:: Problem ::
If a line in the listing below has the string "White", copy it out.

● ● ● ● ● ● ●

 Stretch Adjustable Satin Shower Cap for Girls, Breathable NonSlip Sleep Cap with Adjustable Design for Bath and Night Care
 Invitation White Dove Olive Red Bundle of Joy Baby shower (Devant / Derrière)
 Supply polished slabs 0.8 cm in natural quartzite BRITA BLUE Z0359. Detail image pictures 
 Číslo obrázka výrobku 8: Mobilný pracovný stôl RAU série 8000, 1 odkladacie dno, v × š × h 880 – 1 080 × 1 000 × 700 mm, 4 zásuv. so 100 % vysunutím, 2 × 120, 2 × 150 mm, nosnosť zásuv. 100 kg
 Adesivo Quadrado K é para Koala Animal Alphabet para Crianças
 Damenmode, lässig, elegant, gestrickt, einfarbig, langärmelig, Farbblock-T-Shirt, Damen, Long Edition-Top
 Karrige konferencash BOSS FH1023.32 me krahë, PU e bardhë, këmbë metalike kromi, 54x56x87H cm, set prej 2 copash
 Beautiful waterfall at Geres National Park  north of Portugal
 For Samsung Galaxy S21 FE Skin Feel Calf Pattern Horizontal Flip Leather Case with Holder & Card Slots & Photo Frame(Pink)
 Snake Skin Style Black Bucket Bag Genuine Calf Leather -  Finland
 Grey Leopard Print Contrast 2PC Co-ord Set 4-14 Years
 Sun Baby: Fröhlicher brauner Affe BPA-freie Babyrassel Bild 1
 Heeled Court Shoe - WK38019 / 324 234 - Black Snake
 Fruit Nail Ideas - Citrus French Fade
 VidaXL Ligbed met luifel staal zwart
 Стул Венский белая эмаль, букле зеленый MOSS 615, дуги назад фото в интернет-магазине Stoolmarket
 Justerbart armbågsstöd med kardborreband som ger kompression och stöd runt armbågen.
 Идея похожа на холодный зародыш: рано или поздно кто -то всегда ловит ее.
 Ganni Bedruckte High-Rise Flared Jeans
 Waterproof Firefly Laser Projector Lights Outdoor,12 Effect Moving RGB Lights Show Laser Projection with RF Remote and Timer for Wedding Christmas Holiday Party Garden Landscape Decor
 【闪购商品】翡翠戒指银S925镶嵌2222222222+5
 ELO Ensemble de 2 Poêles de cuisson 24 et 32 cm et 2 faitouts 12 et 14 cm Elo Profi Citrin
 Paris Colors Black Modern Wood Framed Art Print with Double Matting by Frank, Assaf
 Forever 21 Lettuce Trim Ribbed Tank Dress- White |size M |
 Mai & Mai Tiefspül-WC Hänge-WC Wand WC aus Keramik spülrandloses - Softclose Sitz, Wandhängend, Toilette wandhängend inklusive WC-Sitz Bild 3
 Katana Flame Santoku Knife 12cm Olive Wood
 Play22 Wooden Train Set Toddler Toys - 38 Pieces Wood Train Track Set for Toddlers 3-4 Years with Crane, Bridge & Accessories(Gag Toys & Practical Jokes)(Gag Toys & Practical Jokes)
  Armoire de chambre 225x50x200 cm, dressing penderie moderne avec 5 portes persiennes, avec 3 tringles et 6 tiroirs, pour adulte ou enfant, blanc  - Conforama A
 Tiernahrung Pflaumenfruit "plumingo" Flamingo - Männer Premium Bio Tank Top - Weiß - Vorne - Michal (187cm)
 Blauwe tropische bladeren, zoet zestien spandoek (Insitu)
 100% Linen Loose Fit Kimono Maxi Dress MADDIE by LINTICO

● ● ● ● ● ● ●

:: Result below ::
 Invitation White Dove Olive Red Bundle of Joy Baby shower (Devant / Derrière)
 Forever 21 Lettuce Trim Ribbed Tank Dress- White |size M |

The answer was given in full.